La elección del nuevo Fiscal ha sido recibida por los uribistas con gran emoción, pues la relación que tuvo Montealegre con el anterior Gobierno los lleva a presumir que las investigaciones que se adelantan en contra de sus funcionarios serán tratadas con mayor imparcialidad, o tal vez atenuadas. Por oposición a otro sector de la opinión pública, que ha recibido al nuevo jefe del ente investigador con bastantes reservas y como un retroceso para las investigaciones en contra de uribistas que se adelantan ante la Fiscalía. A todas estas, lo único cierto hasta el momento es que tiene una excelente hoja de vida y su discurso en pro de los derechos humanos y de defensa a la verdad de las víctimas es un buen indicio para alguien que era defensor del Estado por violación de derechos humanos.
Montealegre es un guiño de Santos hacia los uribistas, asediados por las investigaciones que venían procediendo en su contra y quienes exigían indirectamente de Santos un fiscal que finalizara con la persecución política y que de cierta forma los favoreciera. Con Viviane Morales y Eduardo Montealegre aflora la crisis que afronta la Fiscalía, donde la elección de la ex Fiscal fue anulada por la presión coyuntural, y el nuevo fue postulado para aliviar pesares de la política.

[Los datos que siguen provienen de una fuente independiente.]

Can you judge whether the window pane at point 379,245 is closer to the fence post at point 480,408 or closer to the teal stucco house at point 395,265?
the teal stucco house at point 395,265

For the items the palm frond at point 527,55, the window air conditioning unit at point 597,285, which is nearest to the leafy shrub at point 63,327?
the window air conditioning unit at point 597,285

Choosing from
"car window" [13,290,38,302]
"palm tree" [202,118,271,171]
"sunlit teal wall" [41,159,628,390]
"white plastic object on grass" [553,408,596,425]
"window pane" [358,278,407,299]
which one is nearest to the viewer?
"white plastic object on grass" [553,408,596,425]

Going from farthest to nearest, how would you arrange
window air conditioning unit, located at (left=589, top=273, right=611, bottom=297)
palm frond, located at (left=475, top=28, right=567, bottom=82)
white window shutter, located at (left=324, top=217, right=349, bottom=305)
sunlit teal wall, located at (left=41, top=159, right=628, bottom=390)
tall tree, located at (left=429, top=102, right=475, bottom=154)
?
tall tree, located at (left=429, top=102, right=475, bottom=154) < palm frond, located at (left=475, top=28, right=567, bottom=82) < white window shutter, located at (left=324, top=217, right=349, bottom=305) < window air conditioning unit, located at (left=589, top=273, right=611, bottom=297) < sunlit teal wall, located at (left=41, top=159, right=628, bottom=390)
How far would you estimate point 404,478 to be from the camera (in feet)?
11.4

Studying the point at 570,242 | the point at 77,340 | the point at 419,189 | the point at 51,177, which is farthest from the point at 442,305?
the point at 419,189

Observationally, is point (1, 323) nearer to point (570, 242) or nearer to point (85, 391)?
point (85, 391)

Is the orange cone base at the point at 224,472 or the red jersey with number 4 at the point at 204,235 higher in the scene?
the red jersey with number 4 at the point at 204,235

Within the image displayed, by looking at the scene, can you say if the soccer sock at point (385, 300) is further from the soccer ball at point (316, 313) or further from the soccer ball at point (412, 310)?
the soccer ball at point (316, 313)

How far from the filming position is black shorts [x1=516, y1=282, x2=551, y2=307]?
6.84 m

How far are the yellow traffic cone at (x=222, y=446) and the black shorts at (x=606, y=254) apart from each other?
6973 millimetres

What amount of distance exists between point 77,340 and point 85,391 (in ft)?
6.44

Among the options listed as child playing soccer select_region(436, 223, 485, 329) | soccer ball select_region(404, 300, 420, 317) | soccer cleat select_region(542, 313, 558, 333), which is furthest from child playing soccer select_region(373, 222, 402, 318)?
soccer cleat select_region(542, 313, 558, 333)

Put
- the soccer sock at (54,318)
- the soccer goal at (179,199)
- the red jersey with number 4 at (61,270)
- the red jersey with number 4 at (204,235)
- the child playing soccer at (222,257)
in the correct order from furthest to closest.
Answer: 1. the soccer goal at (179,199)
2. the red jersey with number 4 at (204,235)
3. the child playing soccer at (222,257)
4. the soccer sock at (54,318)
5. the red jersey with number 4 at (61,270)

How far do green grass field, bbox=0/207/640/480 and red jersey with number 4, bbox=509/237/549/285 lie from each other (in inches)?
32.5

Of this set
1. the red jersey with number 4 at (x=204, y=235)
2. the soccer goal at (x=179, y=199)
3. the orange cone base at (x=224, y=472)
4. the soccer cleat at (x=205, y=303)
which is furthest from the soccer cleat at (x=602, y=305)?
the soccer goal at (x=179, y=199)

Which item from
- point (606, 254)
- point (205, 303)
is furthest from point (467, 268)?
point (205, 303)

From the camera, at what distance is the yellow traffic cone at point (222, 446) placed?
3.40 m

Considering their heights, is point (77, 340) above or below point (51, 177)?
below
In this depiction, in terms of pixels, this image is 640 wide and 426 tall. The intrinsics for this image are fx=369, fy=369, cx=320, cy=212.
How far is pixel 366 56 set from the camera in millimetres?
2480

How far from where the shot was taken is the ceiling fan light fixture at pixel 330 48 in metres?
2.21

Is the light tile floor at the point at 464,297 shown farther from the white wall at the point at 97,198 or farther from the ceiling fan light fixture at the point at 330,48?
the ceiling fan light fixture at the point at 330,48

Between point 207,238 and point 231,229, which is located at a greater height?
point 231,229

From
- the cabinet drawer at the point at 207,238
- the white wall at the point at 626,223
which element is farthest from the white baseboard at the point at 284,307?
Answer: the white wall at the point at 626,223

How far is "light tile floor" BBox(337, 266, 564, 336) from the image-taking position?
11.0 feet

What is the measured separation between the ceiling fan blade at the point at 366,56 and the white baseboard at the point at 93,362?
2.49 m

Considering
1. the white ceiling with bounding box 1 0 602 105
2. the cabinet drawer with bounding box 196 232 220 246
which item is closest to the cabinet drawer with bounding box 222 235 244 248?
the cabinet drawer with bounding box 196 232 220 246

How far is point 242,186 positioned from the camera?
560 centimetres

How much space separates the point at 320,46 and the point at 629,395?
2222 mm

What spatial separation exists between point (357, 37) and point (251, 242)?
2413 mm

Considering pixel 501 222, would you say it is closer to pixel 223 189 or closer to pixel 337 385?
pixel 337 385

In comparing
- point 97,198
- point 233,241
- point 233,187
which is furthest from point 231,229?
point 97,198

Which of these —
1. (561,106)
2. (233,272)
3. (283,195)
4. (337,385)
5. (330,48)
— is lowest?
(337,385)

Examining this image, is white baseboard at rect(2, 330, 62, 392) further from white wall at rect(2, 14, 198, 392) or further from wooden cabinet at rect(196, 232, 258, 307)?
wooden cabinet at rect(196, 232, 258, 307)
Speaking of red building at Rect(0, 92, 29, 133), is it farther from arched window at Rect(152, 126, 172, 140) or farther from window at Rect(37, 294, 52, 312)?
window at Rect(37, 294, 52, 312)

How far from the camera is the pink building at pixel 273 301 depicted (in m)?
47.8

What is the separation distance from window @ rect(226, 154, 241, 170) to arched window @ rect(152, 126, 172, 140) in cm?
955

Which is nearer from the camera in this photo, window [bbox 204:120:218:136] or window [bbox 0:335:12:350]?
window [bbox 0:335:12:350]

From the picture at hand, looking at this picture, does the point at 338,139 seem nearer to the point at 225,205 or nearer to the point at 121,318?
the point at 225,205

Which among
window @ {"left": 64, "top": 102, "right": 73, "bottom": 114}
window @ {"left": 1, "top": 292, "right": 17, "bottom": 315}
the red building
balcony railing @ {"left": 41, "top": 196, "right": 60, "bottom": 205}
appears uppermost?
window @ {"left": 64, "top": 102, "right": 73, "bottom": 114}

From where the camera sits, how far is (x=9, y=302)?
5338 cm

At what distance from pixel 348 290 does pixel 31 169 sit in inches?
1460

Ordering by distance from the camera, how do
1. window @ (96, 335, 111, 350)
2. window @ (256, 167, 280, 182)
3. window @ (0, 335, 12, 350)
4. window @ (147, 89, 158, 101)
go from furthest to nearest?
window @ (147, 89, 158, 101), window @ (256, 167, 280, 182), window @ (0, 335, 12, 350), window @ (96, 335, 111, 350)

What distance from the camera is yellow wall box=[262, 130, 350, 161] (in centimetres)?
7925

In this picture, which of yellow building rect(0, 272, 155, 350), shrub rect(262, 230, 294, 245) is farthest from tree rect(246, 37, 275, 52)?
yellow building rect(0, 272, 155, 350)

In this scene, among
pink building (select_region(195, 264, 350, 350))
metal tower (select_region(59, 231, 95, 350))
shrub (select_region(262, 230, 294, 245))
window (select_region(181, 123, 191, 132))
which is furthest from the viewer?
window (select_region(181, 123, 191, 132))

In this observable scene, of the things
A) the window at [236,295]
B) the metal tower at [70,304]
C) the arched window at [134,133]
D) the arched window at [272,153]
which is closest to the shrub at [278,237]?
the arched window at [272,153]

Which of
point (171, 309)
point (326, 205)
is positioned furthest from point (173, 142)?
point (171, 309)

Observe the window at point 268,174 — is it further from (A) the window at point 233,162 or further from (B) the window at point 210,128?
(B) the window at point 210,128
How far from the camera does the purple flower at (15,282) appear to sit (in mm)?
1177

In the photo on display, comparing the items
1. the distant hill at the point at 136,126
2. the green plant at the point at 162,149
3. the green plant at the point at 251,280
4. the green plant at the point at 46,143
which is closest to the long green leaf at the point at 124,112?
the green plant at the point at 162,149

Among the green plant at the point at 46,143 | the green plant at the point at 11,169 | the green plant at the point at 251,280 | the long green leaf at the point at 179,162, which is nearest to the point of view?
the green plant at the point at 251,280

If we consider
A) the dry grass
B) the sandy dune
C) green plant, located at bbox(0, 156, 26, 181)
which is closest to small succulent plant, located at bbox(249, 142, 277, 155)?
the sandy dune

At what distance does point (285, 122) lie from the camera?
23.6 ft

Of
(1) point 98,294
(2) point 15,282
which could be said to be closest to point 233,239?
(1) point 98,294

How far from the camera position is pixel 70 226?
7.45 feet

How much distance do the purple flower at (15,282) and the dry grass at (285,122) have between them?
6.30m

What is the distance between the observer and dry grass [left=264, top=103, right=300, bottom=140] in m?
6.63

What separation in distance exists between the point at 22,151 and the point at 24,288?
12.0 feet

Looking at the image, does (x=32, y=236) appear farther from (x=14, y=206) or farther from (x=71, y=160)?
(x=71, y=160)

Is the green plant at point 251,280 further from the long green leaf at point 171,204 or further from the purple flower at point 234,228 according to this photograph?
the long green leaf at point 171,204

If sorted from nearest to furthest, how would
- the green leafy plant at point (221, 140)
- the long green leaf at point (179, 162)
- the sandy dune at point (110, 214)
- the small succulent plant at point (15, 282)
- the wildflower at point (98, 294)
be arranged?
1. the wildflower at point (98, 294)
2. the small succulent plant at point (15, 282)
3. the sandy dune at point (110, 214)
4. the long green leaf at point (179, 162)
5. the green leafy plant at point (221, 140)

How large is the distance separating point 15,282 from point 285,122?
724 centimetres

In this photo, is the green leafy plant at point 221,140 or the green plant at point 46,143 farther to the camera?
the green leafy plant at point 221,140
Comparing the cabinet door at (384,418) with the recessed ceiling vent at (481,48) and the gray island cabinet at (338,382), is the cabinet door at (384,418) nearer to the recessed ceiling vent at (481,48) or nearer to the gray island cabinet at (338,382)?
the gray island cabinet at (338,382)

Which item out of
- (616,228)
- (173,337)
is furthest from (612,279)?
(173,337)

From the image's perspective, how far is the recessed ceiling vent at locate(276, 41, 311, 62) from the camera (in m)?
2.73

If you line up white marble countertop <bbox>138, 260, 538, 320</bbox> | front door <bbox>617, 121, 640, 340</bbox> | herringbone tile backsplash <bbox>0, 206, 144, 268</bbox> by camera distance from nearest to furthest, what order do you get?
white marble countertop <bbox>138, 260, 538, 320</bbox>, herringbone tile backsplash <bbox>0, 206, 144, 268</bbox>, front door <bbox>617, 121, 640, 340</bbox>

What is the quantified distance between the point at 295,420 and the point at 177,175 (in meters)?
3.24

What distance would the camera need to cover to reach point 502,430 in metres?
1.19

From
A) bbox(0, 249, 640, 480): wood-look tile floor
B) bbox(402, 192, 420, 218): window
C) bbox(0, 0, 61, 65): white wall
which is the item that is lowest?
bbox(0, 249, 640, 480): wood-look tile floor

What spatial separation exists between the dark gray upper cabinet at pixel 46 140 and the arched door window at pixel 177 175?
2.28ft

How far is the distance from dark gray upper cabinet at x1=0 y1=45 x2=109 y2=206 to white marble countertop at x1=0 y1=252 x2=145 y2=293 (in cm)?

Es necesario fortalecer la institucionalidad de la Fiscalía mediante una ley orgánica que fije lo atinente a requisitos y periodos del Fiscal y Vicefiscal, pues es inaudito que la Corte Suprema haya exigido con la renuncia de Viviane Morales también la del Vicefiscal por no contar este con las calidades necesarias para asumir el cargo de jefe del ente investigador. Estamos frente a un circo institucional, donde las reglas del juego no están definidas, a quien es llamado a reemplazar al Fiscal no se le exigen los mismos requisitos que a este, y a estas alturas se desconoce si el periodo de Montealegre será de uno o cuatro años.
La politización y desorganización de entidades tan importantes para la coyuntura nacional atentan contra el buen funcionamiento de la democracia, vulnera los principios de imparcialidad y autonomía, y obstruye el cumplimiento del mandato constitucional.